= Utpala (astronomer) =

Commentator on astronomical treatises

Utpala, also known as ' (') was an astronomer from Kashmir region of present-day India, who lived in the 9th or the 10th century. He wrote several Sanskrit-language texts on astrology and astronomy, the best-known being his commentaries on the works of the 6th-century astrologer-astronomer Varāhamihira.

== Date ==

Utpala dates two of his commentaries on Varāhamihira's works to the year 888 of the Shaka kāla. Assuming that Utpala refers to current (Note: Historically in India, the year specified in a date could be current (that is, "year 888" means that the current year is the 888th year of the era) or expired (that is, "year 888" means that 888 years have passed and the current year is the 889th year of the era).) year of the Shaka era beginning in 78 CE, these works can be dated to 965-966 CE.

- For example, a verse in Jagac-candrikā - his commentary on the Bṛhaj-jātaka - states that he finished the work on the 5th day of the bright half of the Chaitra month. This day began on Thursday, 9 March 965 CE and ended on Friday. Utpala states that he completed his work on Thursday.

- Similarly, a verse in Saṃhitā-vivṛti - his commentary on the Bṛhat-saṃhitā - states that he finished it on the 2nd day of the dark half of the Phalguna month. This day began on Wednesday, 10 January 966 CE, and ended on Thursday, 11 January 966 CE. Utpala states that he completed his work on Thursday.

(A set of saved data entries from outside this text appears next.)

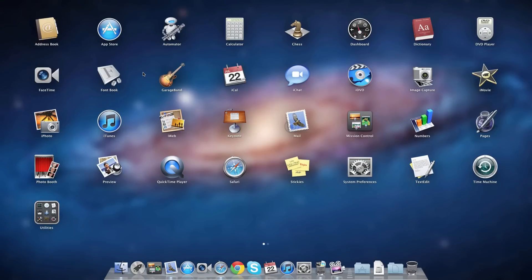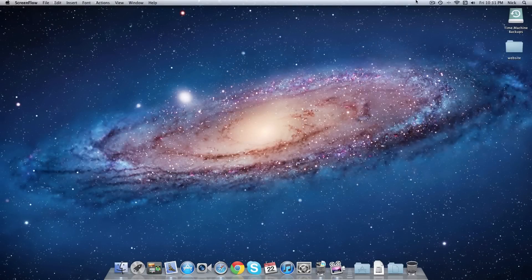Alright, so that was just a quick video on Launchpad. Please let me know what your thoughts are — do you guys like Launchpad, would you guys use it? Please comment below. As always you can follow me on Twitter at technation95, please subscribe to the channel, and don't forget to like this video if you like what I'm doing. Thank you guys for watching and I'll talk to you guys in the next one.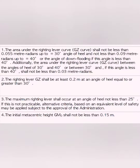As you can see in the GZ curve, the requirements are: the area under the righting lever shall not be less than 0.055 m·rad up to 30 degrees; 0.09 m·rad up to 40 degrees, or at the angle of downflooding if that angle is less than 40 degrees. Additionally, the area between the angle of heel of 30 degrees and 40 degrees must not be less than 0.03 m·rad. The righting lever GZ shall be at least 0.2 meters at an angle of heel equal to or greater than 30 degrees. The maximum righting lever shall occur at an angle not less than 25 degrees. And the initial metacentric height GM shall not be less than 15 centimeters.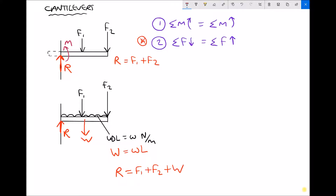The same is true about the turning moments. Here we can see F1, F2, and W are all trying to turn our beam in a clockwise direction. Those clockwise turning moments would need to be offset, and the way they would be offset is because if our beam projected into the wall, then that would provide the opposing turning moment to offset the clockwise turning moments.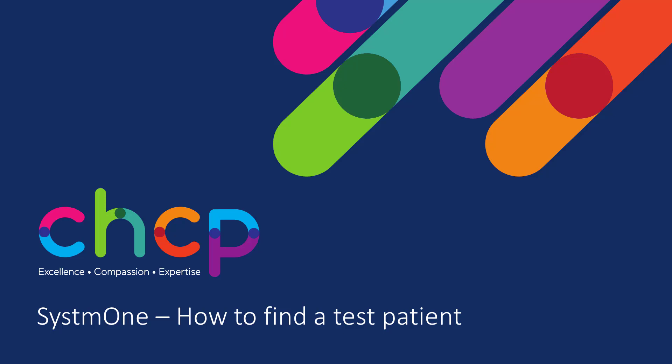Hello, my name is Matt. I am one of the System 1 administrators working for CHEP. Today I will be going through how to find a test patient within System 1.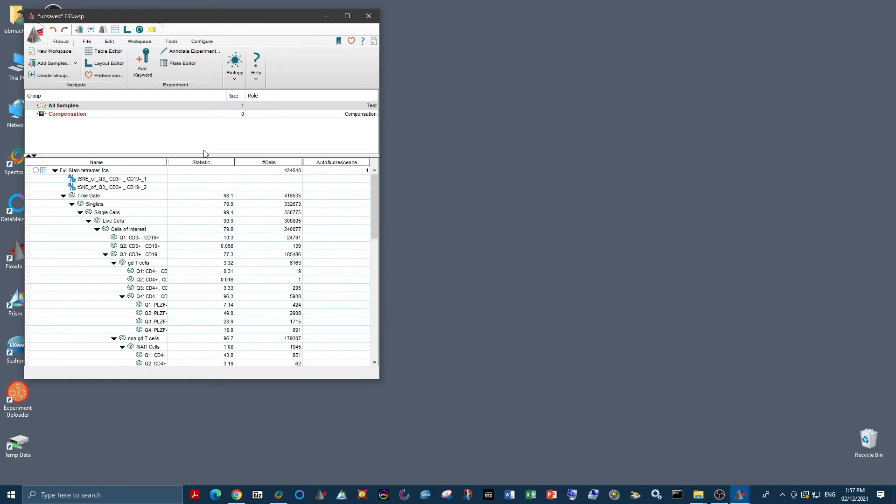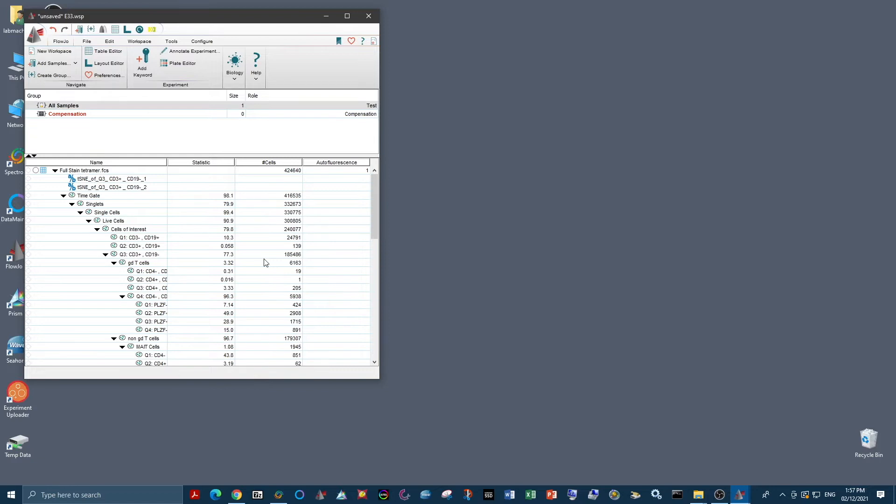So I have opened my fully stained unmixed sample in an FCS file analysis software. You can use any that you like, today I'm using FlowJo 10. And this protocol just runs through using a gating strategy to check that your unmixing has worked as expected, and then using a dimensionality reduction tool to do a secondary check.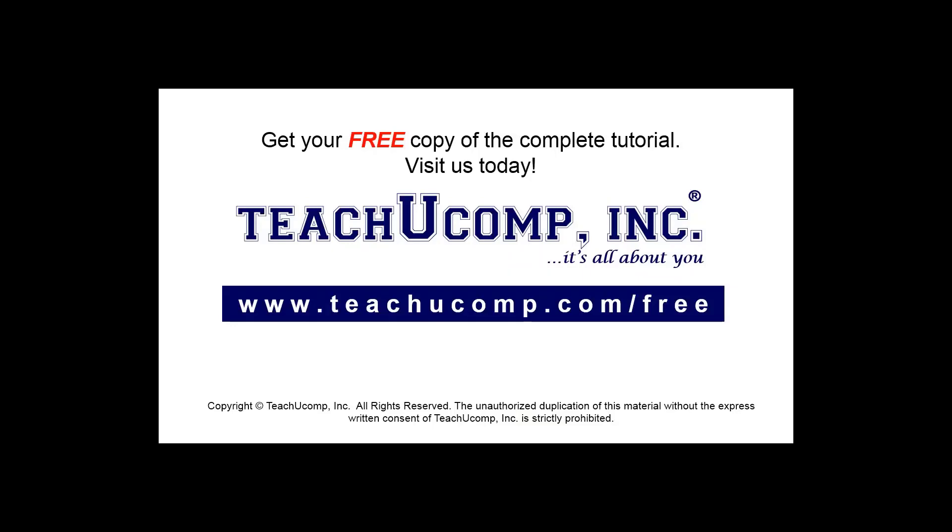Get your free copy of the complete tutorial at www.teachyoucomp.com forward slash free.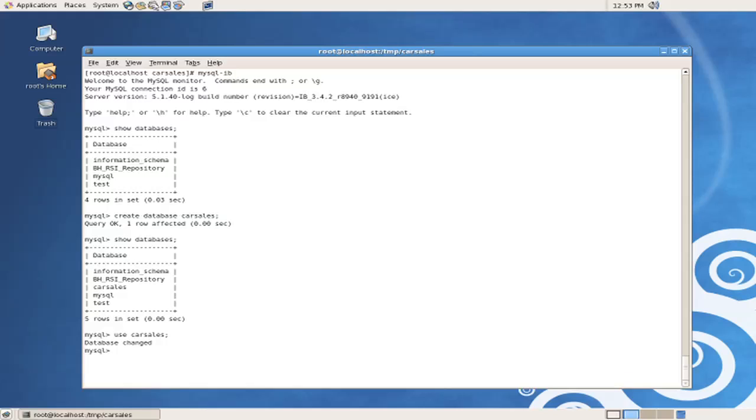In the car sales database, we can issue the command to show tables and see that, in fact, there are no tables available in this database at this point in time. The next thing for us to do, then, is to create the tables.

These dates align with a list of astronomers that places Utpala in the Shaka year 890 (c. 968 CE); this list was procured by W. Hunter at Ujjain, and published by H.T. Colebrooke.

However, there are some problems with placing Utpala around 966 CE:

- Abu Ma'shar al-Balkhi (died 886 CE) cites a passage (about the third decan of Aries) from Utpala's Jagaccandrikā. This means either Utpala copied this passage from an older text, or he lived before 886 CE.

- In Jagac-candrikā, Utpala quotes four stanzas from a text that he calls Bhaskara-siddhanta. These stanzas are identical with stanzas 1.9-12 of Bhaskara II's Siddhanta Shiromani, which is dated to the Shaka year 1072 (1150 CE). This is chronologically impossible, as Al-Biruni's India (c. 1030 CE) mentions Utpala, and Varuṇabhațța's commentary on Brahmagupta's Khaṇḍakhādyaka-karana (Shaka 962 / 1040 CE) also mentions him. Scholar P.V. Kane suggests that either Bhaskara II took these verses from an earlier writer of the same name (e.g. Bhaskara I), or that a copyist added these verses to a manuscript on Utpala's commentary at a later date. These verses are not found in some manuscripts.

This, combined with the absence of the date (Shaka 888) in another manuscript of Utpala's work, led Kane to theorize that Utpala must have flourished no later than c. 850 CE.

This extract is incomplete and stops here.